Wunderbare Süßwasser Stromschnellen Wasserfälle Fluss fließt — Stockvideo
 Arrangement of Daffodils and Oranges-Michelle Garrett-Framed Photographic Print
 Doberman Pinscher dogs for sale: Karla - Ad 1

▶ **Exercise**:
All the material above should be copied word for word.

▶ **Expected answer**:
Wunderbare Süßwasser Stromschnellen Wasserfälle Fluss fließt — Stockvideo
 Arrangement of Daffodils and Oranges-Michelle Garrett-Framed Photographic Print
 Doberman Pinscher dogs for sale: Karla - Ad 1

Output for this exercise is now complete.